REPUBLIKA.CO.ID, BAGHDAD -- Perdana Menteri Irak Haider al-Abadi mengatakan tidak akan menerapkan seluruh sanksi Amerika Serikat (AS) terhadap Iran. Hal itu disampaikannya ketika memimpin pertemuan kabinet pada Senin (13/8).
Abadi mengisyaratkan negaranya akan tetap melakukan hubungan dagang dengan Iran. Namun semua transaksi perdagangan diupayakan tak menggunakan dolar AS. Hal ini sejalan dengan sanksi yang dijatuhkan AS terhadap Teheran.
"Kami tidak akan melakukan transaksi yang didominasi dolar (dengan Iran), tetapi kami tidak akan sepenuhnya berkomitmen untuk sanksi AS," ujar Abadi, dikutip laman Anadolu Agency.
Keputusan Abadi untuk tetap menjalin hubungan dagang dengan Iran terbilang cukup berani.
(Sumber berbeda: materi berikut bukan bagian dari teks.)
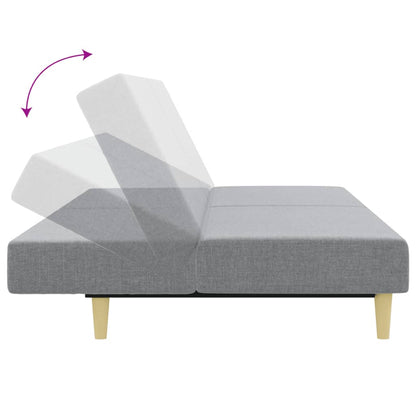 Divano Letto a 2 Posti con Poggiapiedi Grigio Chiaro in Tessuto - homemem39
Sebab Presiden AS Donald Trump telah mengancam, siapa pun yang masih berbisnis dengan Iran, tidak akan berbisnis dengan AS.
Baca juga: Irak: Sanksi Iran Kesalahan Strategis AS
Pekan lalu lalu, AS kembali memberlakukan sanksi ekonomi tahap pertama terhadap Iran. Sanksi tersebut dimaksudkan untuk menghalangi perolehan mata uang AS oleh Teheran dan transaksi bank dalam mata uang Iran, melarang perdagangan logam mulia, serta menyasar industri otomotif.
Sanksi tersebut diterapkan setelah Iran menolak keinginan AS untuk merevisi kesepakatan nuklir yang tercapai pada Oktober 2015, yang dikenal dengan istilah Joint Comprehensive Plan of Action (JCPOA). Trump berulang kali menyatakan ketidakpuasannya terhadap JCPOA.
Ia menilai JCPOA adalah kesepakatan yang cacat. Sebab dalam JCPOA tak diatur tentang program rudal balistik Iran, kegiatan nuklirnya selepas 2025, dan perannya dalam konflik Yaman serta Suriah. Akhirnya pada Mei lalu, Trump menarik AS dari kesepakatan tersebut.
AS akan menggandakan sanksi ekonominya terhadap Iran pada November. Sanksi selanjutnya akan menargetkan sektor energi, terutama ekspor minyak Iran ke pasar global.